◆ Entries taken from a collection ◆
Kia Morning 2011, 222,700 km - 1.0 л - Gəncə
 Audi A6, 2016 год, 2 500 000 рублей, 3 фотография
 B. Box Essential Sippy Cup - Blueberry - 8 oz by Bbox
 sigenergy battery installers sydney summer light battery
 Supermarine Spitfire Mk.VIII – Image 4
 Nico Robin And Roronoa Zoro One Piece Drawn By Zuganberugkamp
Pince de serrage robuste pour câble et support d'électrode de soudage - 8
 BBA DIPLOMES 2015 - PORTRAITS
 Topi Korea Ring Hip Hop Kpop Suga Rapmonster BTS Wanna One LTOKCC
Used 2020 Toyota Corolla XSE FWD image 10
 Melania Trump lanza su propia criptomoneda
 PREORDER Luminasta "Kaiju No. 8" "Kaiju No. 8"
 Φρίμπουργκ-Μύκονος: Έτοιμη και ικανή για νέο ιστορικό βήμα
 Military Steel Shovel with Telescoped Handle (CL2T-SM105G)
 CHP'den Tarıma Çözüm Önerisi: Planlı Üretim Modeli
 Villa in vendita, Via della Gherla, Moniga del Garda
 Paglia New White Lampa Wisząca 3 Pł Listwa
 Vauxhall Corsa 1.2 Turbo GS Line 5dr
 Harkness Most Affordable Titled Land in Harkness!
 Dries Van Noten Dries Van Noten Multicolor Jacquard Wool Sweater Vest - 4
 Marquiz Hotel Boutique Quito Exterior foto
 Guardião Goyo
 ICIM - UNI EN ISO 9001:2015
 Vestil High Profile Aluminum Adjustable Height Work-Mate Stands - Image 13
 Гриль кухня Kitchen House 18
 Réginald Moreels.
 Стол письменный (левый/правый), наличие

◆ Problem to solve ◆
Above are the entries; repeat their lines exactly, from the first through the one that contains "Melania Trump lanza su propia criptomoneda".

◆ Answer for this exercise ◆
Kia Morning 2011, 222,700 km - 1.0 л - Gəncə
 Audi A6, 2016 год, 2 500 000 рублей, 3 фотография
 B. Box Essential Sippy Cup - Blueberry - 8 oz by Bbox
 sigenergy battery installers sydney summer light battery
 Supermarine Spitfire Mk.VIII – Image 4
 Nico Robin And Roronoa Zoro One Piece Drawn By Zuganberugkamp
Pince de serrage robuste pour câble et support d'électrode de soudage - 8
 BBA DIPLOMES 2015 - PORTRAITS
 Topi Korea Ring Hip Hop Kpop Suga Rapmonster BTS Wanna One LTOKCC
Used 2020 Toyota Corolla XSE FWD image 10
 Melania Trump lanza su propia criptomoneda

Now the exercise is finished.